IHSG Sesi I Melesat 0,58% Tersengat Calon Kabinet Prabowo-Gibran
JAKARTA, investortrust.id – Indeks harga saham gabungan (IHSG) Bursa Efek Indonesia (BEI) sesi I, Selasa (15/10/2024), ditutup naik 44,2 poin (0,58%) menjadi 7.603,86. Pergerakan indeks dalam rentang 7.559-7.625 dengan nilai transaksi Rp 5,13 triliun.
Kenaikan tersebut tersengat sentimen positif sejumlah nama-nama calon menteri yang telah dipanggil presiden terpilih Prabowo kemarin. Daftar nama tersebut menggambarkan keberlanjutan, sehingga keyakinan investor terhadap ekonomi makin kuat.
Baca Juga
Pasar Saham Respons Positif Calon Menteri Pemerintahan Prabowo-Gibran
Kenaikan indeks sesi I didukung penguatan sektor saham material dasar 1,14%, sektor consumer non primer 1,05%, sektor kesehatan 1,18%, sektor industry 0,58%, sektor keuangan 0,30%, dan sektor consumer primer 0,26%. Sebaliknya saham sektor property, energi, infrastruktur turun tipis.
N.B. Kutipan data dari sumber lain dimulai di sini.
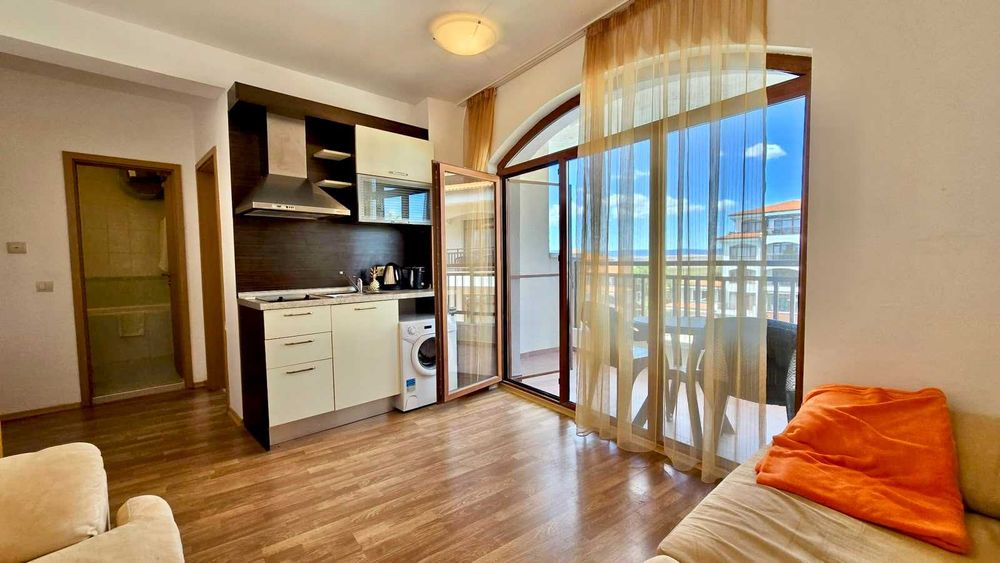 Продава се Двустаен апартамент в Ахелой - 50 кв.м за 1158 €/кв.м - Снимка #2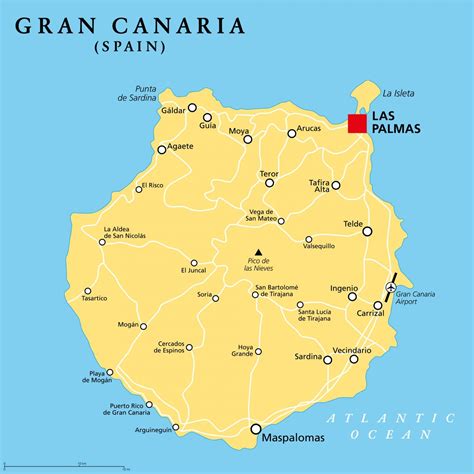 Where To Stay In Gran Canaria For Cycling Hotels Best Towns More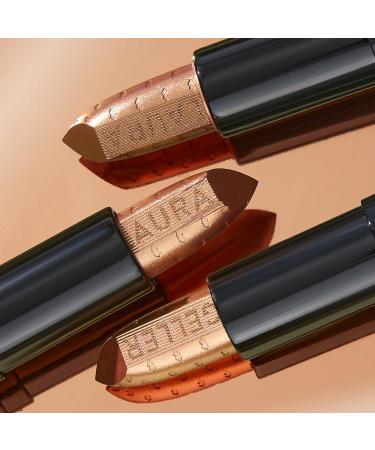 Laura Geller Gorgeous in Gold Radiant Rose Lipstick - Creamy Satin Finish - Limited Edition 0.75 oz - Buy Online on SooperMarket.com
Di tengah penguatan IHSG, beberapa saham ini torehkan kenaikan harga yang mengesankan, seperti saham PT Multipolar Tbk (MLPL) naik 23,53% menjadi Rp 105, PT Mahaka Radio Integra Tbk (MARI) naik 21,57% menjadi Rp 62, PT Teladan Prima Agro Tbk (TLDN) sebanyak 16,94% menjadi Rp 580, PT Matahari Putra Prima Tbk (MPPA) naik 13,73% menjadi Rp 58, dan PT Indo Straits Tbk (PTIS) naik 11,67% menjadi Rp 268.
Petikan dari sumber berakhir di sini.